The short answer is no.
Probably the best resource to understand California’s water issues at a statewide scale is the California Water Plan. This resource summarizes the water demand and supply situation in California under various historical and probable future climate scenarios. To put this question in context, groundwater extraction comprised between 13% and 38% of California’s total yearly water supplies between 2011 and 2015with the low end occurring in wet years (e.g., 2011) and the high end occurring after multiple critically dry years (e.g., 2014 and 2015). There are also marked differences among various regions with regard to how much they rely on groundwater. The image below , while a bit outdated, shows the percentage of water demands met by groundwater for each region in California.
Certain communities in California, particularly those in arid locales (like the southern San Joaquin Valley and the Colorado/Mojave/Sonoran Deserts) do not have access to surface water (either local or via imported via pipeline), and will likely continue to be 100% dependent on groundwater for the foreseeable future. Furthermore, under extreme drought situations, some larger communities that normally have access to surface water may lose that access, and need to rely almost exclusively on groundwater for as long as a severe drought persists. Some of the larger, well funded and forward thinking municipalities have started to invest in local, drought proof supplies like recycled water, desalination, and managed groundwater recharge (or “groundwater banking”) that would lessen the severity of drought impacts.
That said, the State as a whole could not continue to exist in its current state if it had to rely 100% on groundwater all of the time.
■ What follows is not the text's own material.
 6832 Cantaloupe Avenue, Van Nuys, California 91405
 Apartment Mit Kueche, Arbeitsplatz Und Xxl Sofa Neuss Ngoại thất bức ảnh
Precipitation, specifically snowpack and snowmelt from the Sierra Nevada, is the primary source of water supply and natural groundwater recharge in California — though it varies from place to place, season to season, year to year. Sierra snowpack and major rivers and streams are too important a source of water for irrigation, municipal supplies, rural supplies, and industrial uses, and could not be totally replaced by groundwater extraction.